Der Vorsitzende des deutschen Rechtschreibrats warnt angesichts verkürzter Sätze in SMS und auf Twitter vor Schäden an der Sprache - bis zum Analphabetismus. In Frankreich wird dagegen mit Twitter Lesen gelehrt. 03.01.2012 - 05:15 Uhr Artikel anhören

Lernen mit Twitter: In Frankreich funktioniert das.

Foto: AFP

München/Seclin. „Fetzenliteratur“ auf Twitter oder in SMS bedroht nach Ansicht des Rechtschreibrats-Vorsitzenden Hans Zehetmair die Sprachkompetenz junger Leute. „Eine junge Generation schreibt heute - um eine Liebe zum Ausdruck zu bringen - keine Briefe mehr, sondern „HDL“ - „Hab Dich lieb““, bemängelte er im Gespräch mit der Nachrichtenagentur dpa in München. „Unsere Zeit ist so schnelllebig geworden. Da müssen Sie sich nur die Twitter-Literatur ansehen, in der es keine ganzen Sätze mehr gibt.“ „Fetzenliteratur“ nennt Zehetmair, der auch Vorsitzender der Hanns-Seidel-Stiftung in München ist, das.

„Wir sind weltweit in zivilisatorischen Gesellschaften auf dem gefährlichen Weg, dass immer weniger gelesen, immer mehr Fetzenliteratur gepflegt, immer weniger geschrieben wird“, sagte er. Auch die Schule komme ihrem Bildungsauftrag in dem Bereich nur begrenzt nach. „Die Lehrer sind auch Kinder unserer Zeit und - bei allem guten Bemühen - gibt es auch bei ihnen oft diese Fetzenliteratur: super, geil und alles mit Ausrufezeichen.“ Hochschullehrer beklagten immer wieder die mangelhafte sprachliche Qualität von Diplom-, Magister- oder Bachelorarbeiten. „Man nimmt sich kaum noch die Zeit, ganze Sätze zu formulieren.“ Nach Angaben von Linguisten müssten rund 20 Prozent der 15-Jährigen heute als Analphabeten bezeichnet werden, sagte Zehetmair.
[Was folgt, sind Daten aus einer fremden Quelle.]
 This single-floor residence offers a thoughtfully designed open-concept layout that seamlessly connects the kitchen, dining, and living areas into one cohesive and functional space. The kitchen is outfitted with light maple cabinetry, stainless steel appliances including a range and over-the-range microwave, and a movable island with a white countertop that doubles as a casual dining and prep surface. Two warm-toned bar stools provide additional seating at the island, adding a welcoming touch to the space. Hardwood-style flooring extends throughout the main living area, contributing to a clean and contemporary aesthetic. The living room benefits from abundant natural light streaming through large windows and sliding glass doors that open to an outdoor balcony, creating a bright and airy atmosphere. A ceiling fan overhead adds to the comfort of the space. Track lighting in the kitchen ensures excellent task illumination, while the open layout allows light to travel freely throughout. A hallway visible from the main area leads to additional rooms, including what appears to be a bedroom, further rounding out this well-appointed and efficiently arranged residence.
Eine Schwierigkeit sei auch die steigende Zahl an Anglizismen, die die deutsche Sprache überflute. „Sprache ist in vielen Bereichen ausschließlich verzweckt worden und ist überbordet mit Fremdeinflüssen. Ich bin nicht gegen Anglizismen im Allgemeinen, aber man sollte schon noch wissen, was die Worte auf Deutsch heißen.“ Das fehlende Hinterfragen sei aber „symptomatisch für eine Gesellschaft, die nicht mehr hinter die Dinge blickt und die Hintergründe nicht mehr beleuchtet“, sagte Zehetmair und warnte: „Eine solche Gesellschaft ist anfällig für Manipulation.“

Ein Gegenbeispiel gibt es in Frankreich. Hier lernen Grundschüler richtig Lesen und Schreiben – mit dem Kurznachrichtendienst Twitter. Ein ungewöhnliches Modell, doch in einem Ort in Nordfrankreich erfolgreiche Praxis.

Auf die Frage, wer denn laut vorlesen will, recken fast alle Schüler die Finger in die Höhe. Dabei sind die Siebenjährigen in der Privatschule Immaculée Conception im französischen Seclin auch nicht lesefreudiger als anderswo. Doch die Kinder dürfen aus dem Kurznachrichtendienst Twitter vorlesen, und den finden sie „cooler“ als ihre herkömmlichen Lernbücher. „Auf Twitter gibt es Bild und Ton, doch das mindert das Interesse an der Schrift nicht, im Gegenteil“, sagt die Lehrerin Céline Lamare zu ihren Erfahrungen.

Seit September setzt die junge Frau mit den halblangen lockigen Haaren die Kurznachrichten von maximal 140 Zeichen, die sogenannten „Tweets“, in ihrem Leseunterricht ein. Statt morgens wie in anderen Schulen die schwarze Tafel aufzuklappen, schaltet sie eine Art Riesenbildschirm an, auf dem in Großformat die Mitteilungen anderer Klassen in Frankreich, Belgien und Kanada erscheinen. Eine Nachricht aus Kanada ist vom Bild einer verschneiten Landschaft begleitet, das bei den Kindern Begeisterung hervorruft.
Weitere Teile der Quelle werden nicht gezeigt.